Dr Farrah Jawad is a registrar in Sport and Exercise Medicine, currently working at the Institute of Sport, Exercise and Health (ISEH) as part of her training. She qualified from Barts and the London School of Medicine in 2008, having completed an intercalated BSc in Sport and Exercise Medicine at Queen Mary University of London in 2007. It was her BSc that first sparked her interest in Sport and Exercise Medicine and she has found her registrar training to be both fascinating and fulfilling.
Farrah sees patients in the NHS Sport and Exercise Medicine clinics and Tendon clinic at the ISEH, in addition to seeing patients with colleagues in the English Institute of Sport clinics at the ISEH and in musculoskeletal ultrasound.

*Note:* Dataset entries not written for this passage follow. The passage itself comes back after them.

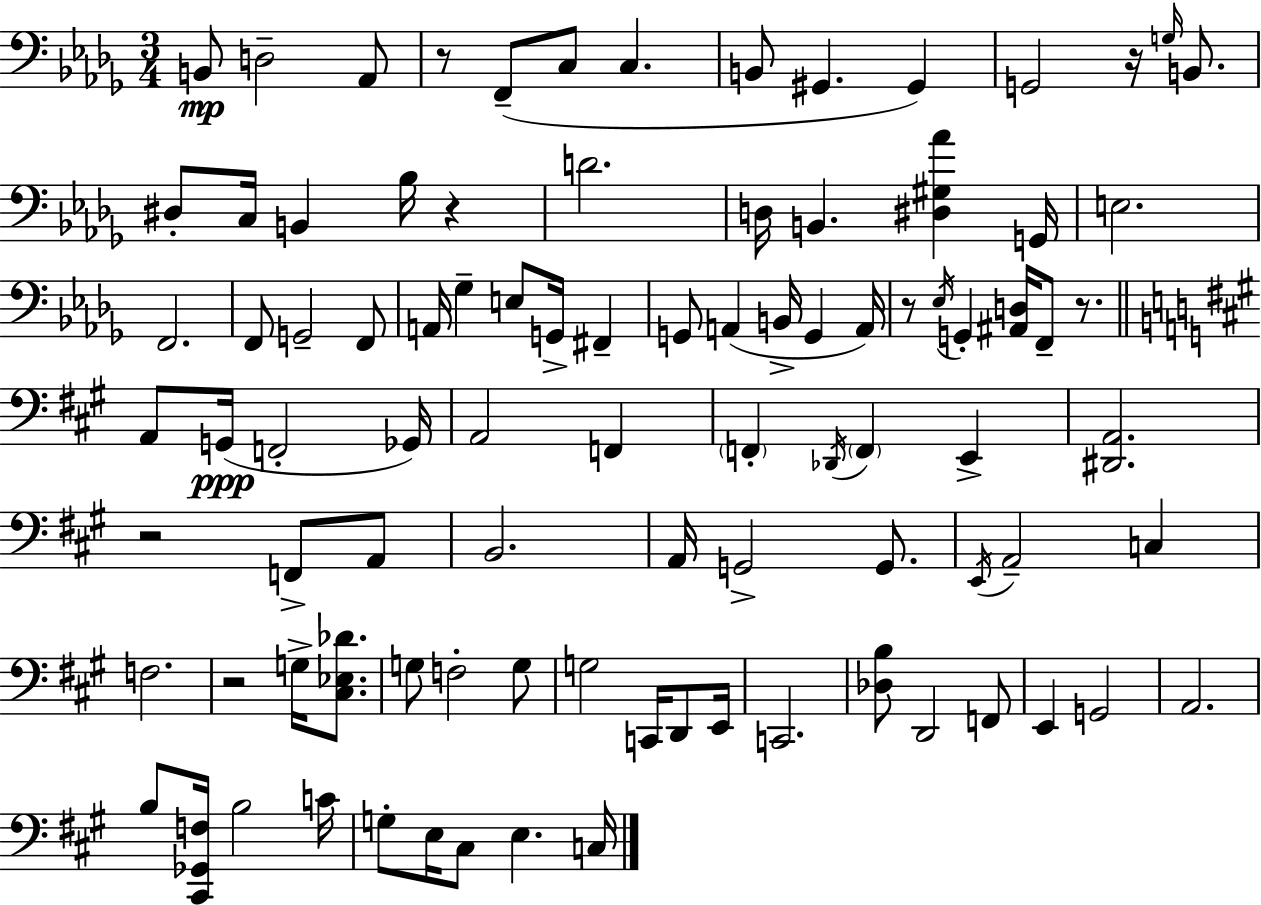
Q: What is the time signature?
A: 3/4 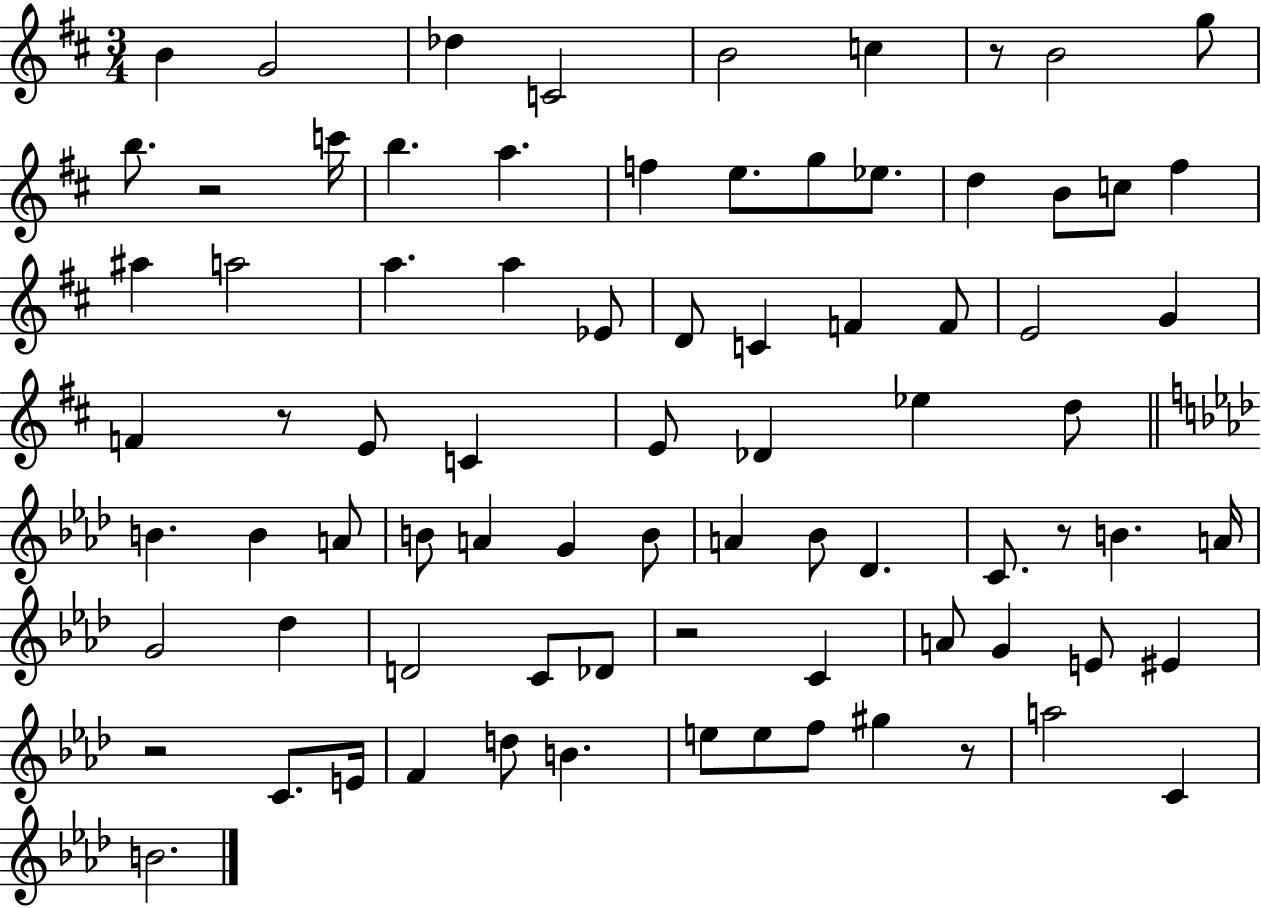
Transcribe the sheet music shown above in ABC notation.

X:1
T:Untitled
M:3/4
L:1/4
K:D
B G2 _d C2 B2 c z/2 B2 g/2 b/2 z2 c'/4 b a f e/2 g/2 _e/2 d B/2 c/2 ^f ^a a2 a a _E/2 D/2 C F F/2 E2 G F z/2 E/2 C E/2 _D _e d/2 B B A/2 B/2 A G B/2 A _B/2 _D C/2 z/2 B A/4 G2 _d D2 C/2 _D/2 z2 C A/2 G E/2 ^E z2 C/2 E/4 F d/2 B e/2 e/2 f/2 ^g z/2 a2 C B2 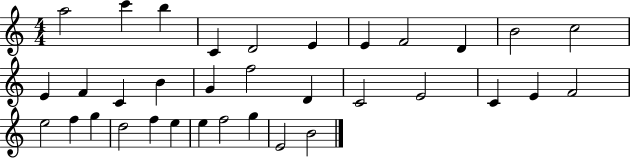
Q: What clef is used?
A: treble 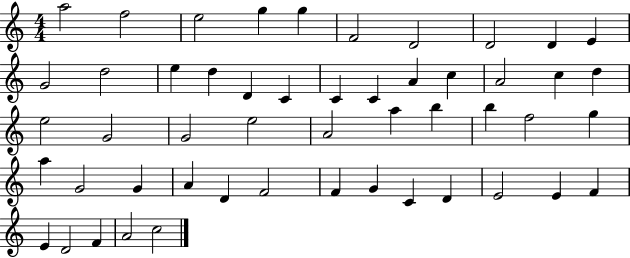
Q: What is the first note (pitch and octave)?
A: A5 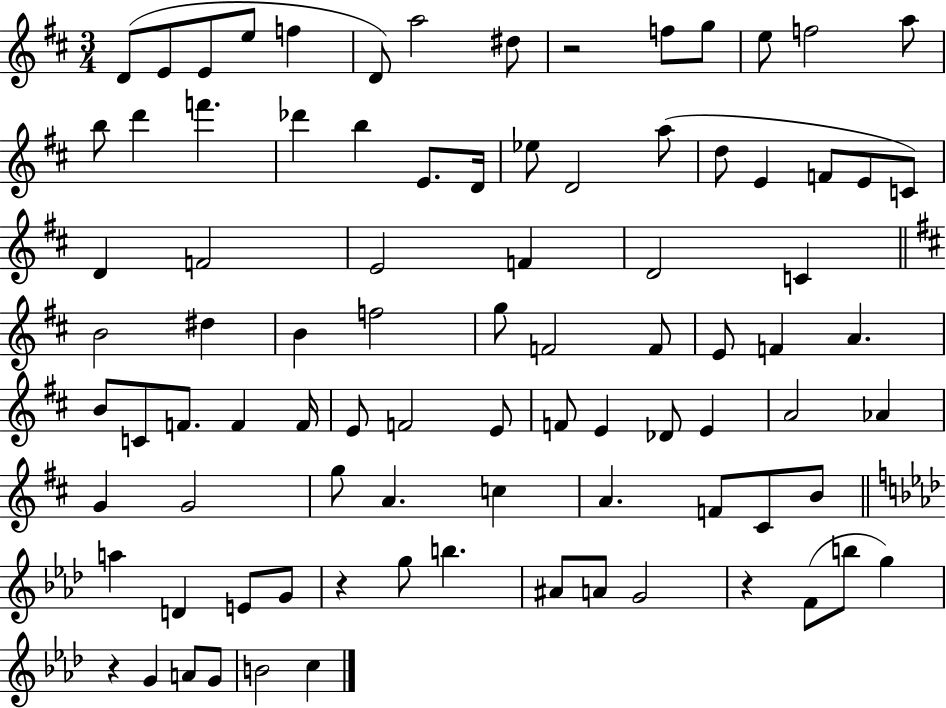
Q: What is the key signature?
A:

Farrah is currently in her second year of her MSc in Performing Arts Medicine at University College London which she is undertaking part-time. She hopes that in gaining a deeper understanding of Performing Arts Medicine, she can enhance her practice in the future.
“I am very interested in the parallels between Performing Arts Medicine and Sport and Exercise Medicine. Performing artists, like athletes, train and rehearse for many hours, sometimes in suboptimal conditions. They too are subject to injury and illness and I have found the MSc course helpful in considering the issues that may affect the performing artist and how these might be overcome.”
She is undertaking a research project with the Royal Ballet looking at seasonal variation in vitamin D levels among its dancers.
Farrah is on the England Boxing’s Register of Approved Doctors and has experience covering boxing events with Hooks ABC and Islington Boxing Club, British Universities and Colleges Sport events, England Athletics and GB Basketball. This year she took an Out of Programme Experience to attend the Commonwealth Youth Games in Samoa as Team Doctor alongside Dr Mike Loosemore, ISEH consultant in Sport and Exercise Medicine.
“The Games was a great experience for me to appreciate the organisation that goes into preparing for a Games, particularly with regards to the heat-related risks of the Samoan climate and the recent Dengue fever outbreak.”